Hyper-connected, heterogeneous and multifaceted field of consistency is the rhizomatic
proceeding of the movements of deterritorialization and reterritorialization – to use the
words with which Deleuze and Guattari discuss methods and worlds – to the point where
the individual/tree that gives up binary logic of stability/grounding, and the cultural
exclusiveness of this perspective, finds nourishment and hence rest.
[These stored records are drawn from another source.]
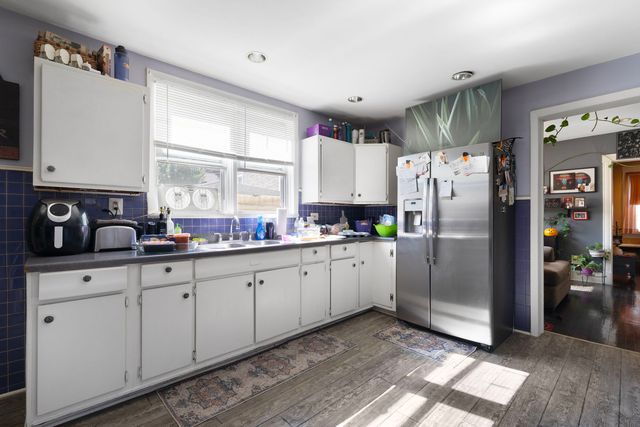 3339 S Artesian Avenue, Chicago, IL 60608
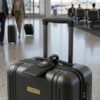 Etichetta Bagaglio Premium in Pelle con Portatarghetta e Alloggiamento Tracker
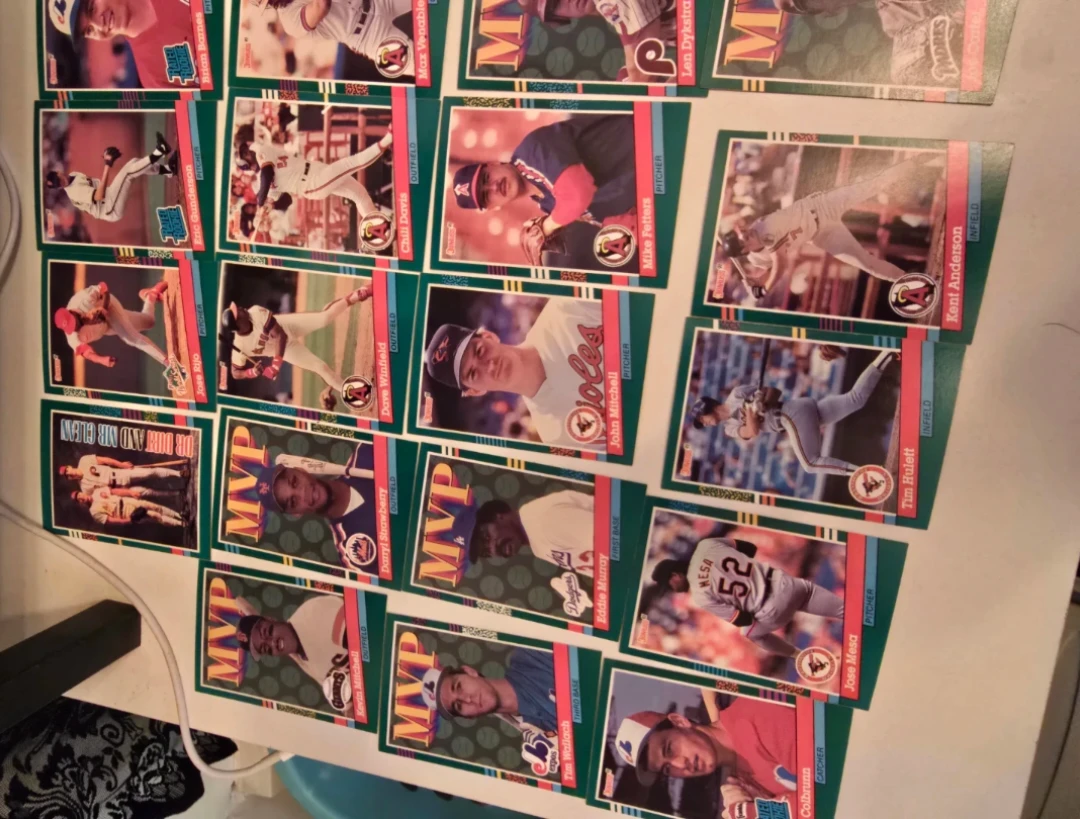 Collection of 1989 Donruss Baseball Cards - photo 2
Conversation between Maria Giovanna Mancini and Houda Terjuman
MGM: Built into a synoptic path, a syntax divided into three different emotional fires, the
exhibition at the Voice Gallery is, for various reasons, a crucial step in your career and
production. First of all, you have abandoned painting to create small and medium size
sculptures. Sculptures claiming the feature, as discussed by Heidegger, to set up and
establish space. This space, however, is not to be intended solely as a physical locus,
measurable with the tools that science has perfected, but as a space of dwelling.
What prompted you to make sculptures? Now that you’ve experienced the possibility of
creating objects that take up three-dimensional space, has there been an irreparable rift
with painting?
HT: The sculptures are small stories that you can look at, touch, feel. Everyone can
recognize a personal journey in them. The different stages of life inspire me pictures and
memories. Clichés of a collective memory that I try to give back in my work. Painting limited
my attempt to express these feelings.
I do not think I could go back to painting. Sculpture allows me to convey emotions such as
the hardness of rocks, the movement of roots, the peace of a secret garden.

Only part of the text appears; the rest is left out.